# [Task data]
■ ■ ■

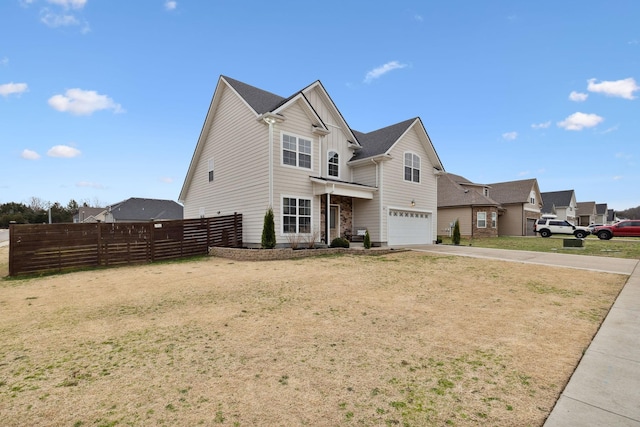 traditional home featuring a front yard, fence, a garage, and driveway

■ ■ ■

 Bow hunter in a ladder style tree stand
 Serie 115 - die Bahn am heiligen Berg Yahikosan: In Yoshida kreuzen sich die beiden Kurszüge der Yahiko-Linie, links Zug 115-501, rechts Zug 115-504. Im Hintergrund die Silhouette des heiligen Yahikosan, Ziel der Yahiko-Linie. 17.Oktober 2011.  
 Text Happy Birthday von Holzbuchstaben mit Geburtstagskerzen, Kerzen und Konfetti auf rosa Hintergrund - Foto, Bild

■ ■ ■

# [Activity]
Where does the string "Hintergrund" appear in the records? Copy every line that holds it.

# [Result for this task]
 Serie 115 - die Bahn am heiligen Berg Yahikosan: In Yoshida kreuzen sich die beiden Kurszüge der Yahiko-Linie, links Zug 115-501, rechts Zug 115-504. Im Hintergrund die Silhouette des heiligen Yahikosan, Ziel der Yahiko-Linie. 17.Oktober 2011.  
 Text Happy Birthday von Holzbuchstaben mit Geburtstagskerzen, Kerzen und Konfetti auf rosa Hintergrund - Foto, Bild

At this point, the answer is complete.